Almost everyone had a tumbleweed story, except for the poor couple who lives in the Texas Hill Country and thus has only heard rumors and scary tales around the campfire. Most of the stories involved out-of-state tourists with an inexplicable fascination with tumbleweeds, to the extent that most of us had actually spotted them inside said tourists’ cars, presumably being transported back to New Jersey or Massachusetts for some kind of show-and-tell about surviving the Old West.
Most of the dinner party guests who had lived in Midland for a couple of decades or more also had stories of finding tumbleweeds piled practically to the eaves of the house or blocking their garages after some particularly nasty storms. One man described how his wife cried for a year after they moved to Midland after getting married and she discovered the havoc the winds can wreak around here. And, of course, we here at Casa Fire Ant have experienced that disquieting predicament ourselves (the tumbleweeds and dust, not the crying for a year. Ours was no more than three months.).

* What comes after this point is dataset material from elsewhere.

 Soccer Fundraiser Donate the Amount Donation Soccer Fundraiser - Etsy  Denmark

Anyway, our neighborhood experiences a phenomenon when the weeds tumble unlike most others in the area, because we have a couple of ponds. The combination of tumbleweeds and water is somehow even more depressing than having them pile up in your yard, except for the fact that someone else has to clean out the ponds.
I took a few photos after last week’s T.E.

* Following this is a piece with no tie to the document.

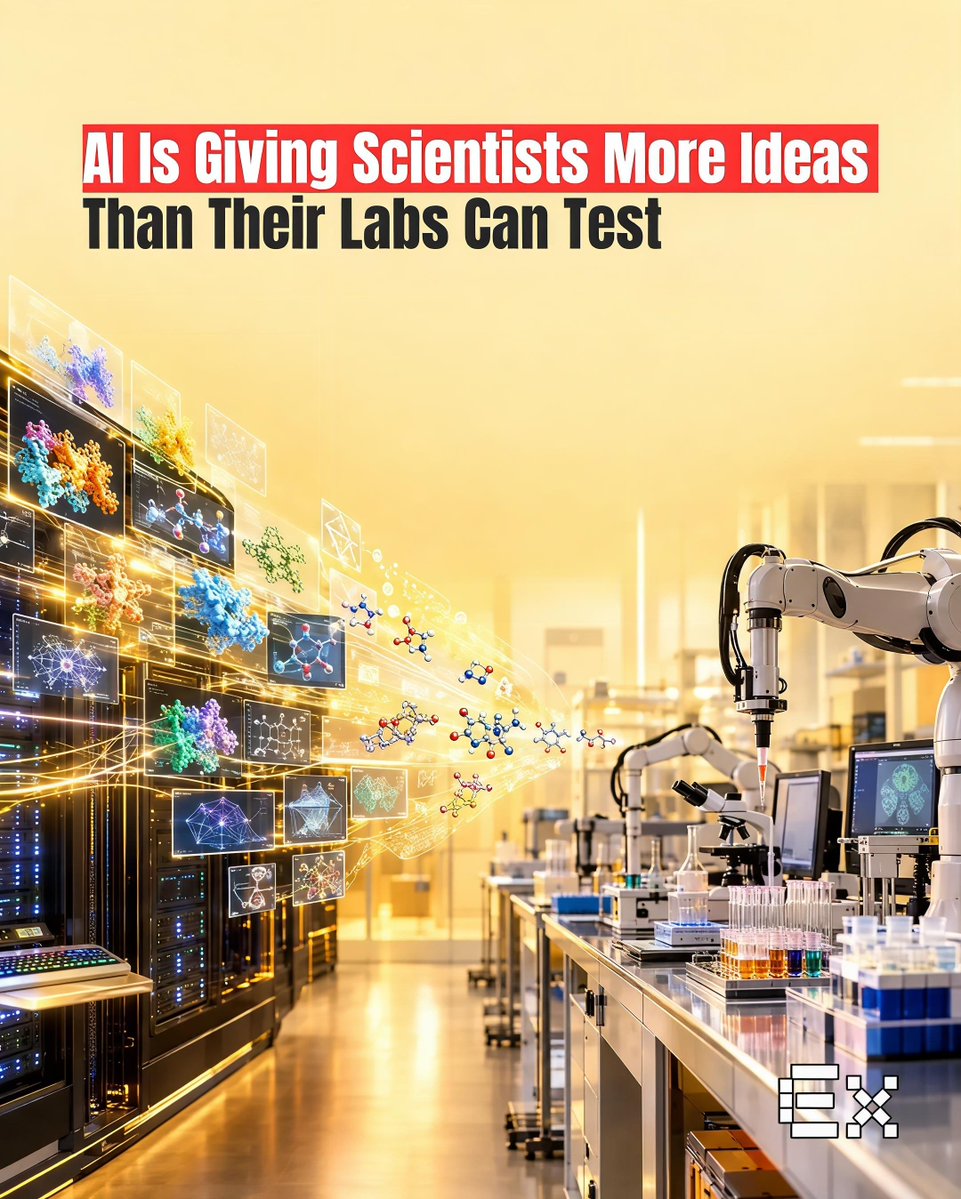 ElementiaX's tweet photo. AI can generate scientific ideas faster than laboratories can test them. 🤖🔬

Researchers found that AI is rapidly accelerating idea generation, research questions and experiment design—but real-world experiments still need equipment, materials, time and humans. https://t.co/a7reqkjNLg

I wonder if the migrating ducks were perplexed by the stickery things floating in their temporary rest stop?
Our resident geese are, however, unfazed…jaded…or simply clueless. They’re geese. What do you expect?
The dock doubled as an effective weed sieve.
The answer to the age-old question of whether tumbleweeds float is, apparently, “sort of.”
The 45-mph winds blew tumbleweeds into a mass close to the bank of the pond; this was just the beginning.
Living on the outskirts of town has its advantages, but being a drag strip for tumbleweeds isn’t one of them.
*These are obvious exaggerations. All of our roadways are asphalt.